Une substance longtemps interdite

L'histoire nous apprend que la création du LSD remonte à 1938, lorsque le chimiste suisse Albert Hofmann a synthétisé pour la première fois la substance à partir de l'ergotamine. Dans les années suivantes, ses propriétés psychédéliques furent découvertes, et il apparut même légalement sur le marché pharmaceutique sous le nom Delysid, mais il prit un tournant drastique dans les années 50 et 60. Le projet MKUltra de la CIA a essentiellement autorisé son usage sur des humains sans consentement approprié, mais une fois que le LSD est arrivé entre les mains de ceux qui représentaient la « contre-culture » des années 60, les gouvernements de l'époque l'ont déclaré « Schedule 1 », rendant ainsi son illégalité effective. Le monde de la science a dû attendre quatre décennies pour que la possibilité d'une nouvelle étude sur le LSD s'ouvre, bien qu'avec de sévères restrictions. À l'Imperial College London, ils n'ont obtenu l'autorisation qu'après avoir garanti que le LSD ne serait pas administré comme « drogue thérapeutique », et ils ont dû batailler avec le processus bureaucratique pendant neuf mois, en plus de créer une campagne de financement participatif pour obtenir des fonds.

Scans cérébraux avant et après la prise de LSD
L'effet placebo ne se compare pas à ce que le LSD génère dans différentes régions du cerveau

L'étude de l'Imperial College London

L'étude s'est concentrée sur la visualisation de l'activité cérébrale sous les effets du LSD. Le « voyage » des vingt volontaires (qui ont enregistré des expériences préalables avec des drogues psychédéliques) a été relativement long, huit heures pour être précis, et ils ont reçu leur dose par injection. La première chose détectée fut une augmentation notable de la communication entre différentes régions du cerveau (même si elles ne communiquent normalement pas), et en particulier l'interaction du cortex visuel avec ces régions, ce qui explique en partie toute la chaîne d'hallucinations associées au LSD. Par ailleurs, les réseaux neuronaux ont enregistré une diminution du flux sanguin et une perte de synchronisation dans leur activité, un phénomène lié à la « dissolution de l'ego ».

Le LSD et la musique

Un autre aspect à mentionner de l'étude est la relation du LSD avec la musique.

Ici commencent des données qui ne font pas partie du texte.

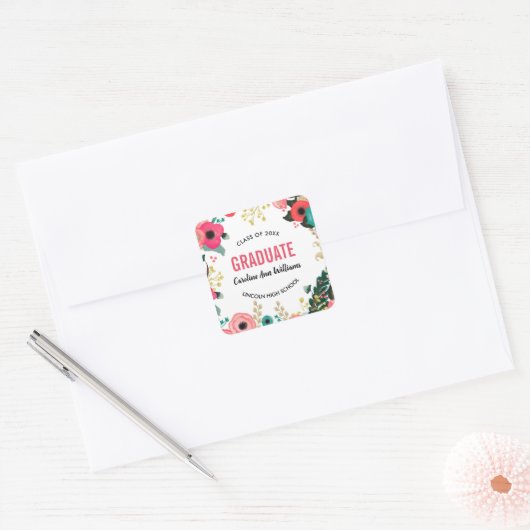 花絵画のカスタム卒業ステッカー スクエアシール (封筒)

La communication entre le parahippocampe (stockage des mémoires) et le cortex visuel se réduit lorsqu'une personne prend du LSD, mais si en même temps on écoute de la musique, la quantité d'informations qui passe du parahippocampe au cortex augmente en réalité, une donnée associée à l'augmentation des images et des souvenirs vifs les yeux fermés.

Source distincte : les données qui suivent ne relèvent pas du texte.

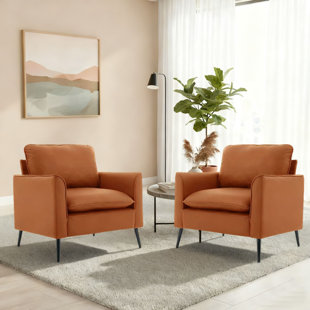 Set of 2 Modern Faux Leather Accent Chairs, Upholstered Reception Chairs with Black Metal Legs for living room and Reception area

Vers un usage thérapeutique

La prochaine étape consistera à étudier les effets du LSD sur la créativité, et à l'avenir, les chercheurs espèrent avoir la possibilité d'évaluer finalement le LSD comme ressource thérapeutique, visant le traitement de plusieurs conditions, notamment l'anxiété, la dépression, le trouble de stress post-traumatique, les maux de tête chroniques, et même l'alcoolisme.